Fed: Key to investors' reaction will be a function of the statement and forecasts - BBH

Research Team at BBH suggests that provided that the Federal Reserve delivers the widely tipped and expected 25 bp hike in the Fed funds target range, the key to investors' reaction will be a function of the FOMC statement and forecasts.  

Key Quotes

“A failure of the Federal Reserve to raise interest rates would be a significant shock and likely spur a dollar sell-off, a Treasury rally, and probably an equity market sell-off.  The likelihood of this scenario is so low that it is not worth much time discussing.  Similarly, a 50 bp move also is highly unlikely.  It would go against everything the Fed has been saying about gradual moves.  It would be an admission of getting behind the curve, and there is no evidence that this is their assessment.”

“There seems to be a broad sense that near midyear, there will likely be some tax cuts and spending increases alongside a tougher, perhaps more mercantilist trade policy.  The details are vague, and how this sits with the fiscally conservative wing of the Republican Party is not clear.  While the intentions and signals of the President-elect have spurred a sizable reaction in the capital markets, more concrete details are needed to begin contemplating the impact on monetary policy.”  

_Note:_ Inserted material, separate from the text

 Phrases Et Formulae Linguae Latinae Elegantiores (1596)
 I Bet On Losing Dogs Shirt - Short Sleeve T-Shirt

“Therefore (and this is where some investors may be disappointed), the FOMC's economic assessment and most importantly, their forecasts, are unlikely to change very much.  Of course, the part of the statement that updates the economic assessment may be upgraded a notch.  The headwinds that held the economy below trend appear to be transitory as the Fed had anticipated.  Fourth quarter growth looks to be around 2.5%.  Consumption may be a little less robust and trade is looking like a drag.”  

“All else being equal, the appreciation of the dollar and rise in yields would likely have a dampening impact on growth and inflation forecasts.  This may be blunted by the further decline in the unemployment and underemployment rates and the wealth effect.  And given the uncertainties over the new Administration, most Fed officials are likely to be reluctant to change their forecasts much now, when in three months, visibility will be better.”

“Specifically, we expect the median dot show expectations for two hikes next year.  While this is twice as fast as the pace in 2015 and 2016, it fits any definition of prudent and cautious.  A recent Wall Street Journal survey found that among economists three rate hikes are thought likely next year.”

“In her press conference, Yellen will likely deflect any discussion of the new Administration's policies.  However, she can be counted to offer a vigorous defense of the Fed's independence against encroachments.  Given two current vacancies, the expiration of several governor terms in 2018, the new Administration will have the opportunity to change the Federal Reserve significantly without going through the politically and economically sensitive course of direct confrontation.”